Picked on January 10 at $ 59.18
Encana - ECA - close: 67.94 chg: +0.74 stop: n/a
There is no change from our previous comments. At this point our speculative, high-risk strangle on ECA is dead in the water. The stock will need to see a really big move in a short time frame to give us any sort of decent exit. We're not suggesting new strangle positions at this time. The options we listed for the strangle were the January $75 calls (ECA-AO) and the January $60 puts (ECA-ML). Our estimated cost is $0.65. We are adjusting our exit to anything in the $0.40-0.65 range.

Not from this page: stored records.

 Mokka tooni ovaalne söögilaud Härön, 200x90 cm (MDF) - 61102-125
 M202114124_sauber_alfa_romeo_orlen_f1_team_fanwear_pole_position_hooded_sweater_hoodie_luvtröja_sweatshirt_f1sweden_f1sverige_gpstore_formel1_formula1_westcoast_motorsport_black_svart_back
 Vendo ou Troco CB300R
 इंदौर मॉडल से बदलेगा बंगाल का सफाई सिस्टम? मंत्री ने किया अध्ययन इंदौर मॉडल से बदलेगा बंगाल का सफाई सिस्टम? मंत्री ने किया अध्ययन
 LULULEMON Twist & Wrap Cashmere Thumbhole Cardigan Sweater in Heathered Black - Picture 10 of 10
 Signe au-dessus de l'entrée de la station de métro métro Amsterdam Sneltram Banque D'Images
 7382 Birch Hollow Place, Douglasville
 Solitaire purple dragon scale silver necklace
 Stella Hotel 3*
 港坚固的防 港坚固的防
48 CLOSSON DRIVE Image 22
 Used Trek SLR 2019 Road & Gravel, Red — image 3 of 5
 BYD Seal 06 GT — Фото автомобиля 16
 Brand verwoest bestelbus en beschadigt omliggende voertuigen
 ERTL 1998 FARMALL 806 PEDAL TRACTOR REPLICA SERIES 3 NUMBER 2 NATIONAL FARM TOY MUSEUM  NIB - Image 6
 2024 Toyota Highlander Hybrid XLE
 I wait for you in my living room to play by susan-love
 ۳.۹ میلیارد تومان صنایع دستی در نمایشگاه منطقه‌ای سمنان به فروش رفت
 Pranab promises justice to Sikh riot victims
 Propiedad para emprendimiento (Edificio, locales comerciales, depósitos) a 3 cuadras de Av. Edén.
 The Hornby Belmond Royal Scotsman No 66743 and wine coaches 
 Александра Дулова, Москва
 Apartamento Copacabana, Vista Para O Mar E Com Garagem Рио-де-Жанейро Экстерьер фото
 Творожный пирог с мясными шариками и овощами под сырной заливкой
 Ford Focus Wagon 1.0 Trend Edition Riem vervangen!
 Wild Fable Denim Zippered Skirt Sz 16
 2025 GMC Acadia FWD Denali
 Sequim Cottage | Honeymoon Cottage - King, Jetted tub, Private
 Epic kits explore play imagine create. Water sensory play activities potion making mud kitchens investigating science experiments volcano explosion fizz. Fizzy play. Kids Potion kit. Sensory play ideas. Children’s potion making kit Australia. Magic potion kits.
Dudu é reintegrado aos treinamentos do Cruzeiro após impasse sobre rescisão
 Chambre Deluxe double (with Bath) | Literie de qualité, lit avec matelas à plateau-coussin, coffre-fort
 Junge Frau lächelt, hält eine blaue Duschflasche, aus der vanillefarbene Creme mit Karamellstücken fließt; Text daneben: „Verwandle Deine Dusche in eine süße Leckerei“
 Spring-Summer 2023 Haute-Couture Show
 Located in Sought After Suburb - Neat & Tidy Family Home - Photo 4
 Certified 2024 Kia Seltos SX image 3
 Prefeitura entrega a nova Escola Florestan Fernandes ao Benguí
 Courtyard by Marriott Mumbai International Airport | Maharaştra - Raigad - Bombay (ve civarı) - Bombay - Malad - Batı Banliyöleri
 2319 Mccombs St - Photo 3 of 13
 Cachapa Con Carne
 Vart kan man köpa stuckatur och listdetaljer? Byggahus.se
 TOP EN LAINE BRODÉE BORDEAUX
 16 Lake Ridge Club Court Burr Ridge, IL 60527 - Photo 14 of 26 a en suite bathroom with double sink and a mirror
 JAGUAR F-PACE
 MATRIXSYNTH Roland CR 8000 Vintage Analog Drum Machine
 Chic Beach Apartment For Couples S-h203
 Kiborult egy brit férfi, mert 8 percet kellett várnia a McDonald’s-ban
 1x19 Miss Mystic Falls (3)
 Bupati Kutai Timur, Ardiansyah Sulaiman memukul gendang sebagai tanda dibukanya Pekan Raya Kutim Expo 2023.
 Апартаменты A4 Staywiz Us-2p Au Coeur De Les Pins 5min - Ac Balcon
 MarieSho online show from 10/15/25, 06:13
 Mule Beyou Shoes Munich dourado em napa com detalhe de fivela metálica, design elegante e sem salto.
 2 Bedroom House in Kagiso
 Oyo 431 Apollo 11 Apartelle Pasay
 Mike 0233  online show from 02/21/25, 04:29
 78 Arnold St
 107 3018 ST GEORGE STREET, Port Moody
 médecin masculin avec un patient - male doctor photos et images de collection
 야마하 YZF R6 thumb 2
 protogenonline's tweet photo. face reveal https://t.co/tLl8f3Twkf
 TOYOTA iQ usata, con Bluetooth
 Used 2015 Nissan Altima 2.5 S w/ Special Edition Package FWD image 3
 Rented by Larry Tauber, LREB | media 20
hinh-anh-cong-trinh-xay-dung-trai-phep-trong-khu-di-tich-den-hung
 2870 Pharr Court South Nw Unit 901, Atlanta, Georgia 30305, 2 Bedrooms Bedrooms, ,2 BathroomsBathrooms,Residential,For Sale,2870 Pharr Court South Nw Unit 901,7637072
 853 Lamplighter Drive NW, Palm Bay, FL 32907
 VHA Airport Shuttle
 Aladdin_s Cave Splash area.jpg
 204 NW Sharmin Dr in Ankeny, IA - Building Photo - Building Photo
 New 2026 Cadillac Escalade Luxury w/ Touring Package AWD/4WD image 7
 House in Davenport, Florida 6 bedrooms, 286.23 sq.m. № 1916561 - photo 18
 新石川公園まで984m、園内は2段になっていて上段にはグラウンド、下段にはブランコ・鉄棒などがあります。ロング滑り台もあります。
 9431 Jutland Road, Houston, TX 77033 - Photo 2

Picked on December 20 at $ 67.52
Hologic - HOLX - close: 69.00 chg: -1.36 stop: 66.75
We are giving up on HOLX. The stock under performed the market today. Not only did shares paint a bearish engulfing candlestick pattern today but we are seeing a bearish head-and-shoulders pattern form over the last four weeks. If HOLX breaks down under $67 it should be headed for the $62 region. HOLX has already hit our initial target in the $69.50-70.00 range.